### Exercise material

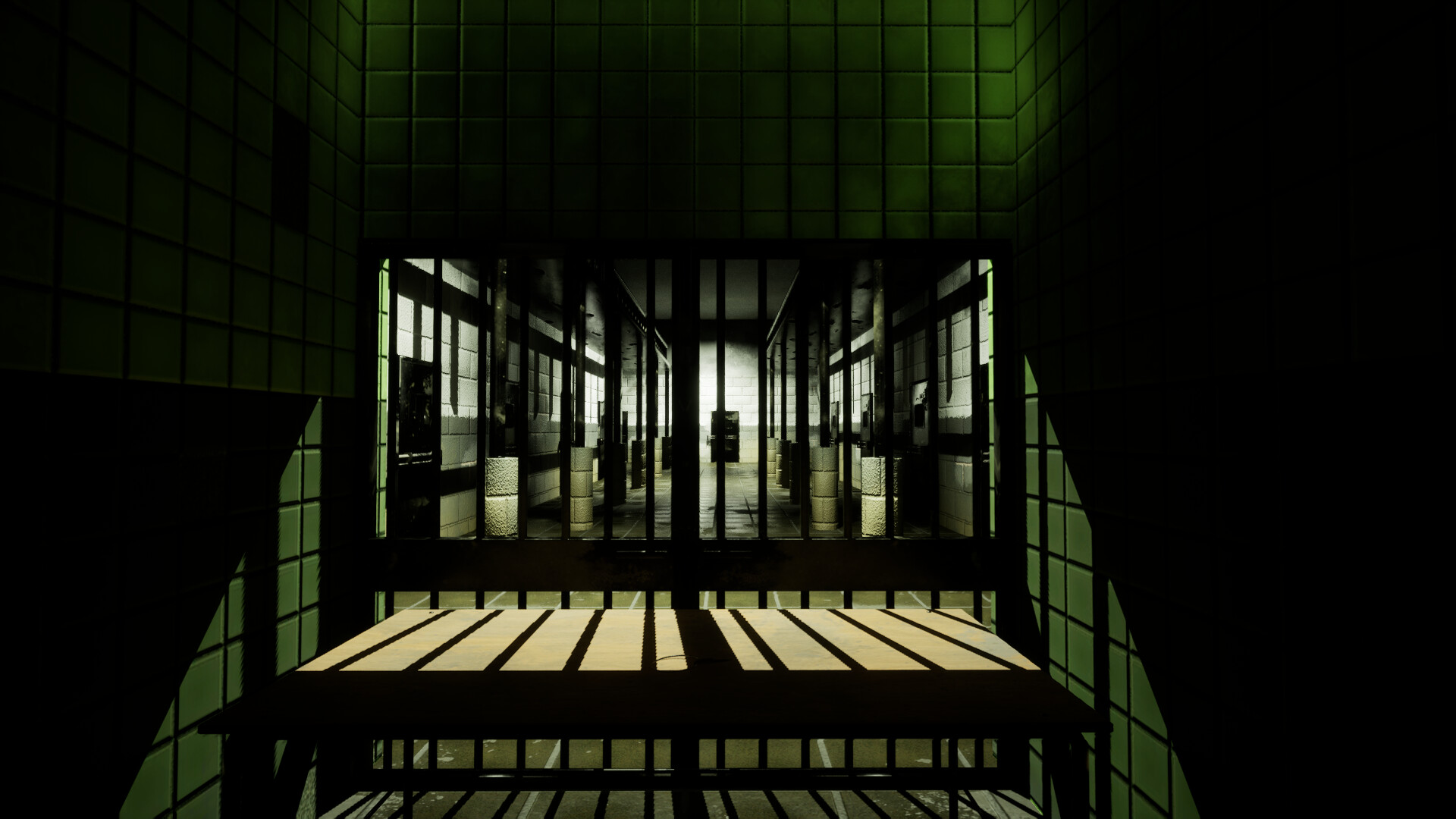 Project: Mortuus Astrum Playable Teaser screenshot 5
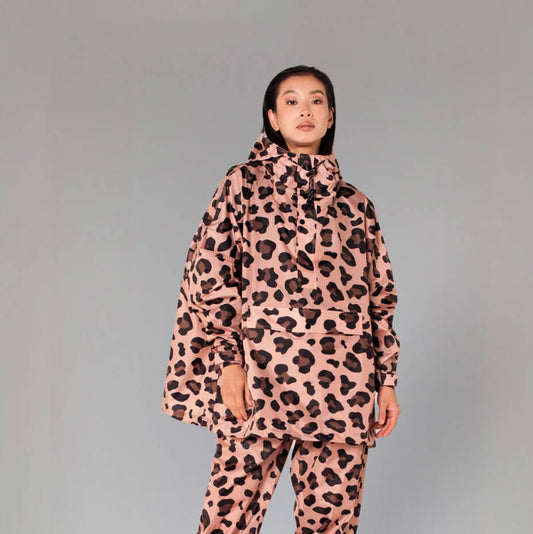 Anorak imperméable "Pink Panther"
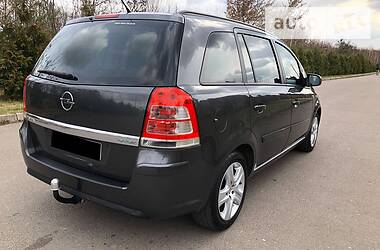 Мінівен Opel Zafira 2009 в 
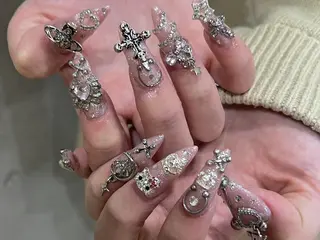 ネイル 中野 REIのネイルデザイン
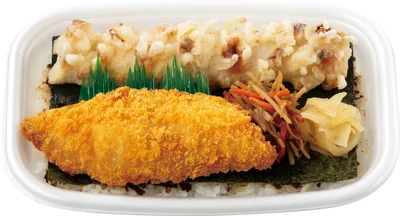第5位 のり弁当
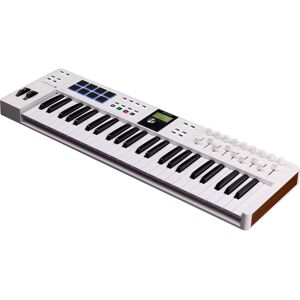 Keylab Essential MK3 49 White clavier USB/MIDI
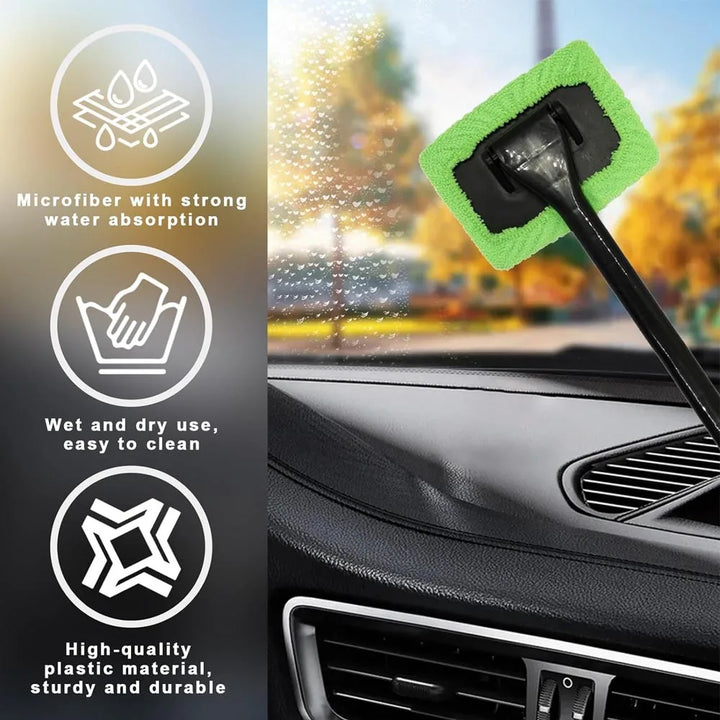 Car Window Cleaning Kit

######

» **Instructions to follow**
When you set down the material above, keep every word exact and include no pictures.

» **The answer**
 Project: Mortuus Astrum Playable Teaser screenshot 5
 Anorak imperméable "Pink Panther"
 Мінівен Opel Zafira 2009 в 
 ネイル 中野 REIのネイルデザイン
第5位 のり弁当
 Keylab Essential MK3 49 White clavier USB/MIDI
 Car Window Cleaning Kit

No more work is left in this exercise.